Çetinoğlu: Ezberinizdeki
şiirlerinden okur musunuz?
Bâkiler: Hatırımdaki bölümler şeklinde okuyayım:
Çalışırsam toprak verir cömerttir
Emeksiz istemek dermansız derttir
Çalışmak insana büyük servettir
Kese coşar, gönül coşar, el
coşar…
***
Karnın yardım kazmayınan belinen
Yüzün yırttım tırmığınan elinen
Yine beni karşıladı gülünen
Benim sâdık yârim kara topraktır.
***
Allah birdir, Peygamber hak
Rabbül âlemindir mutlak
Senlik-benlik nedir bırak
Söyleyim geldi sırası
***
Vatan sevgisini içten duyanlar
Sıtk ile çalışır içten duyarak
Milletine, devletine uyanlar
Demez neme lâzım, neyime gerek
Vatan aşkı ile çalışan kafa
Muhakkak erişir öndeki safa
Tesir – nüfuz olur her bir tarafa
Herkes onu büyük tanır severek
***
Ben giderim adım kalır
Dostlar beni hatırlasın
Düğün olur bayram gelir
Dostlar beni hatırlasın
Can kafeste durmaz uçar
Dünya bir han, konan göçer
Ay dolanır, yıllar geçer
Dostlar beni hatırlasın.
***
Aslım Türktür, elhamdülillah
Müslüman
Şükür Amentüye etmişiz iman
Kalbime yaraşmaz şirk ile güman
Kalbimiz nur ile dolu sayılır.
***
Yezid nedir, kızılbaş
Değilmiyiz hep bir gardaş
Bizi yakar bizim ataş
Söndürmektir tek çâresi.
***
Türküz, Türkler yoldaşımız
Hesaba gelmez yaşımız
Nerde olsa savaşımız
Türküz! Türkü çağırırız.
***
Aldanma câhilin kuru lâfına
Kültürsüz adamın külü yalandır
Hükmetse dünyanın her tarafına
Arzusu hedefi, yolu yalandır.
***
Hedef alıp dövüştüğün kardaşın
Seni yaralıyor attığın taşın
Topluma zararlı yersiz savaşın
Hepimiz bu yurdun evlâtlarıyız
***
İftihar ettiğim büyük muradım
Türk oğluyum! Temiz Türk ecdâdım
Şehid ismi yazılsaydı soyadım
Kanım ile mezarımın taşına.
Çetinoğlu: Dâvut
Sulari hakkında neler söylemek istersiniz?

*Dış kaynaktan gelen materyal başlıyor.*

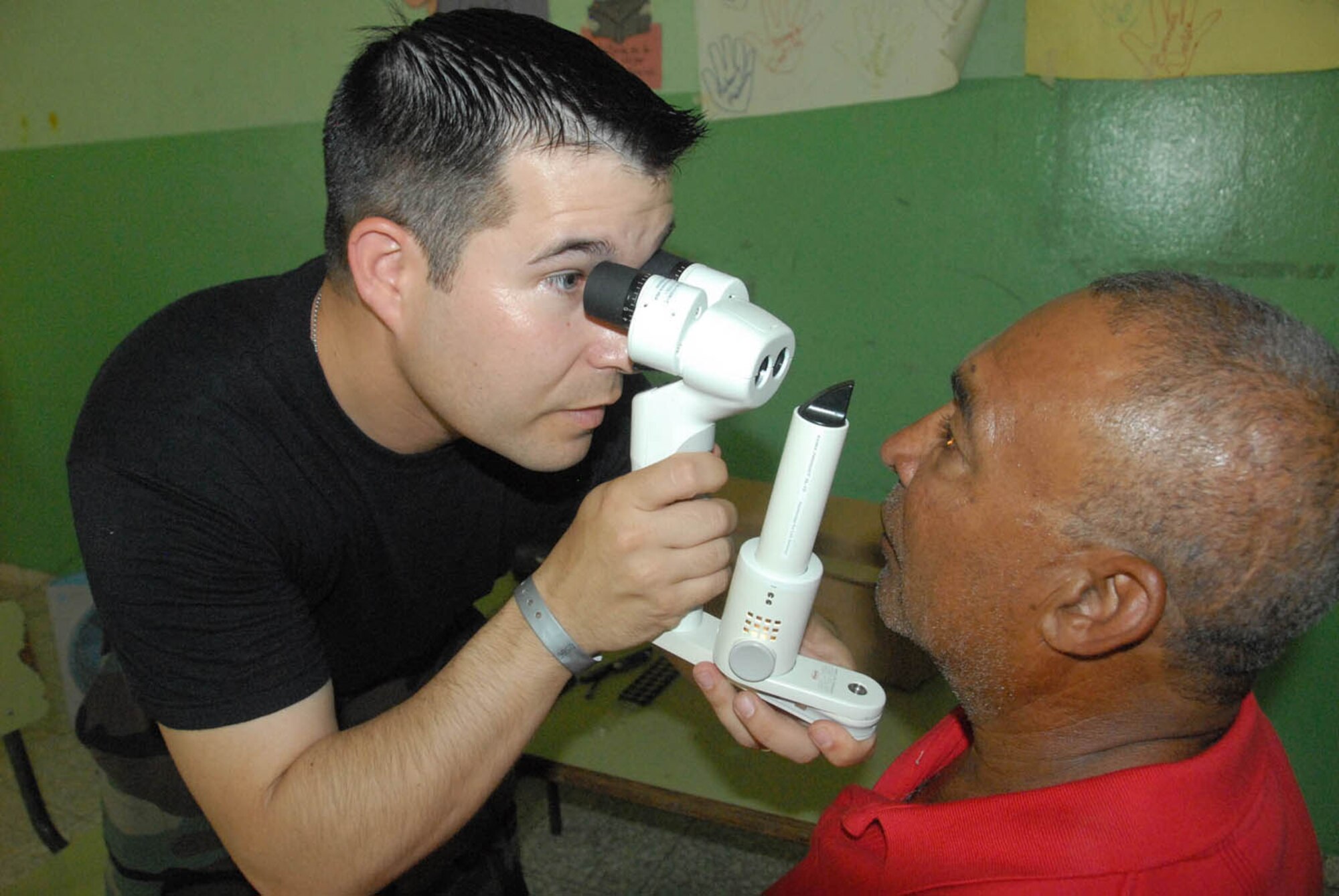 Capt. (Dr.) James Barnett, an optometrist with the 934th Aeromedical Staging Squadron, Minneapolis-St. Paul Air Reserve Station, Minn., performs and eye exam on a Dominican man during MEDRETE 2010 Dominican Republic. (U.S. Air Force photo/Master Sgt. Chance Babin)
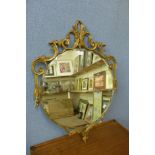 A gilt framed mirror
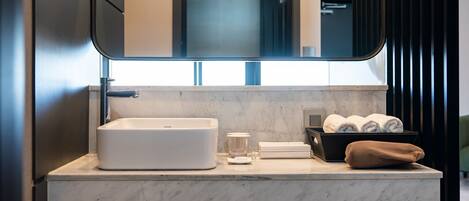 Un baño moderno con un espejo grande, un lavamanos blanco y una encimera de mármol.
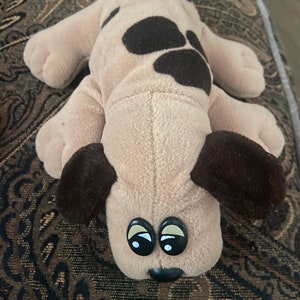 May include: A brown and black plush dog toy with large black eyes. The dog has brown spots on its back.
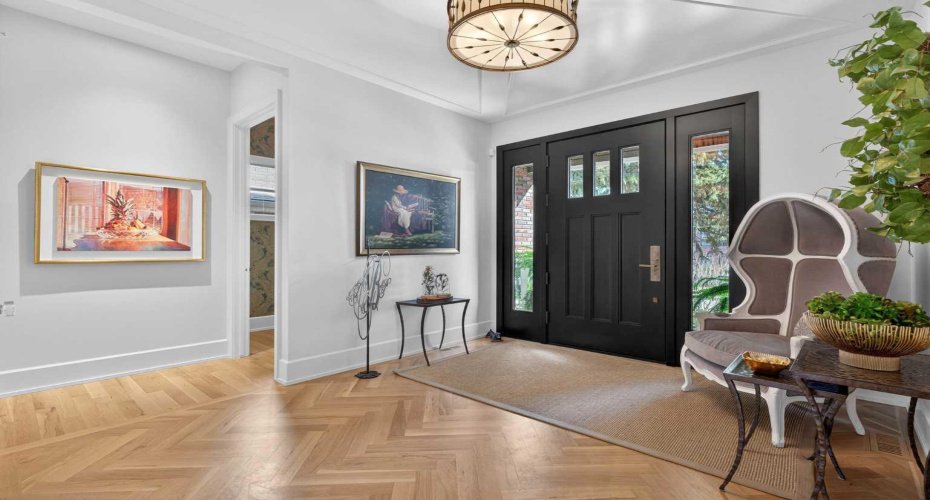 10-foot ceilings, site-finished white oak hardwood, and a floating staircase welcome you inside.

Bâkiler: 1925 yılında O zamanlar
Erzincan’ın Tercan ilçesine bağlı Çayırlı bucağında dünyâya geldi. Dedesi
Kaltık Mehmet Ağa mutasavvıf şâirdi. Saz çalma, şiir söyleme ve türkü yakma
zevkini dedesinden aldı. Doğu Anadolu’da asırlardan beri dilden dile anlatılan
efsâneleri, menkıbeleri şiirleştirir; sazıyla etkili bir makam ve deyişle dost
meclislerinde sunardı. Bütün ömrünü âşıklık geleneğine sâdık kalarak yaşadı. 17
yaşından başlayarak, âşıklık geleneğinin en önemli temsilcilerinden oldu. TRT
Radyolarında bölge sanatçısı olarak çalıştı. Davut Sulari, bir konuşmasında
Zaza olduğunu ifâde etmiş, Türkçe dışında Arapça, Farsça, Almanca, Fransızca
dillerini de bildiğini söylemiş, Zazaca eserler de vermiştir.
2 Temmuz
1993’te Sivas Madımak Oteli’nde yanarak öldü.
Davut
Sulari’nin şiirlerinden bölümler:
Pir olan kişiler riyakâr olmaz
İlimsiz irfansız insan yol almaz
Çoğunda dert var ki dermanı bulmaz
Canı şah aşkına vermez mi tâlip
***
Evel Allah âhir Allah
Dönemem estağfirullah
Bendeyem Allah eyvallah
İmânım amentu billah
Pir elinden içtim dolu
Öğrendim erkânı yolu
Emniyette mümin kulu
Evel Allah âhir Allah
Dönemem estağfirullah
Çetinoğlu: Kaygusuz Abdal hakkında
konuşmadan olur mu?
Bâkiler: Olmaz
elbette. Alanya sancak beyinin oğludur. Doğum ve ölüm târihi bilinmemektedir. Uzun
müddet Anadolu’da, Rumeli’de dolaşmıştır. Hayatı hakkında günümüze sâdece
menkıbeleri ulaşmıştır. Abdal Musa’ya müritlik ve halifelik yapmıştır. Hicaz’a
ve Mısır’a gitmiş ve büyük bir ihtimale göre Mısır’da vefat etmiştir.
Bektâşîliğin
teşekkülünden önce yaşamış ve eserlerinde Hacı Bektâş-ı Velî’ye ve Bektaşîliğe
atıfta bulunmamıştır. Mürşidi Abdal Mûsâ ile birlikte Rum Abdalları ve
Kalenderîler zümresine mensup olmaları, bu zümrelerin 16. yüzyılda ortaya
çıkmasından sonra giderek Bektâşîliğin içinde erimeleri sebebiyle Kaygusuz
Abdal bu târihten itibâren Bektaşîliğin önemli şahsiyetlerinden biri olmuştur.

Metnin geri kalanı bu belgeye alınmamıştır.